Kirk Cameron, star of stage and screen, is headed to the Trinity Broadcasting Network with a new show called One on One which he describes as a sort of Christian spin on Comedians in Cars Getting Coffee in a way that’s at least candid, if a little cynical.
“I loved how Jerry Seinfeld would take some of these guests out of the studio and they would go get some coffee in his show, and Kevin Hart would do the same thing with his show, and James Corden has lots of fun taking his guests out. So I thought, I’m going to try a one on one competition with everybody,” Cameron told the Christian Post.
But this being TBN, the subject will not be cars or karaoke, but instead to seek to “remind people that when we get in partnership with God, and we do things His way, we can solve the world’s problems and we can bring people to a real relationship with God, which will bring them the peace and the joy that they’re looking for.”
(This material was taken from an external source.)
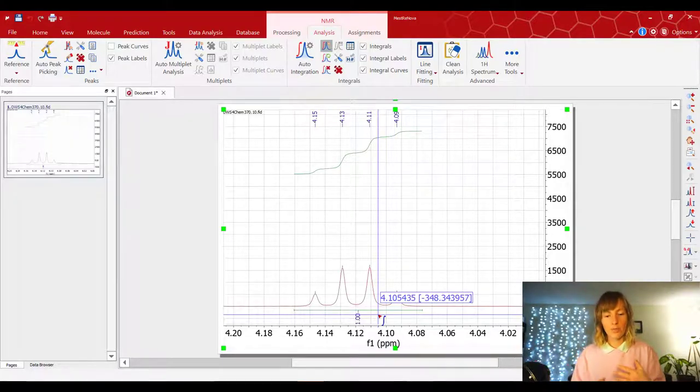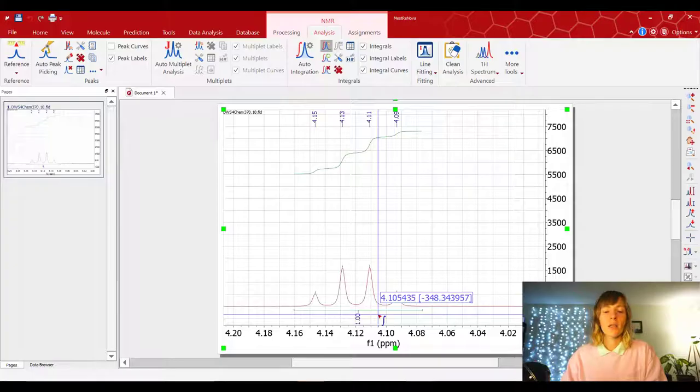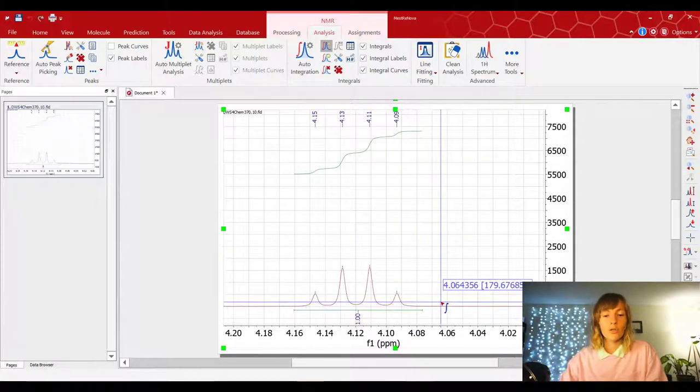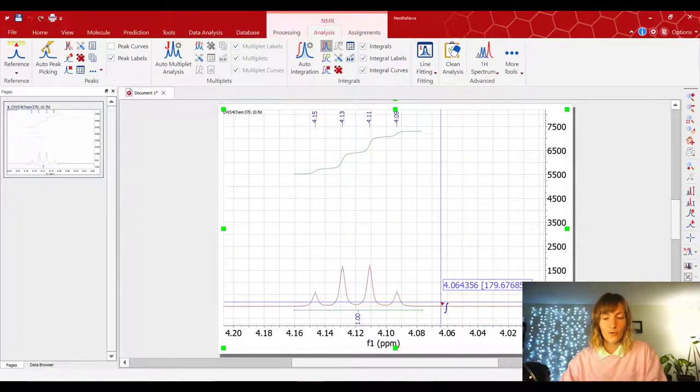And it automatically is going to integrate your first selected peak. Your first integrated peak is going to be automatically set to one. And then you can kind of play around with the numbers if they don't make sense. So after you integrated the first one, you need to integrate the rest.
Wait, a whole platform devoted to getting celebrities and public figures to talk about their faith journeys in an authentic, honest context? Impossible. It’ll never work. There’s no market for it.
Among Cameron’s celebrity guests are Duck Dynasty‘s Phil Robertson, former MLB players the Benham brothers, Christian filmmakers the Kendrick brothers, conservative pundit Eric Metaxas and Cameron’s sister Candance Cameron Bure.
“We can turn on the news or read our news feed through social media, and just everybody’s fighting about something, whether it’s the Democrats fighting with the Republicans, or it’s the Democrats fighting against each other,” he explained. “We can talk all about racism, and we can talk all about gender identity and there’s so much of that, all the time that I wanted to make a show that was positive, that was hopeful, that was refreshing.”
Should be pretty easy to avoid talking about racism when none of your announced guests are black. Thursday nights on TBN, everyone.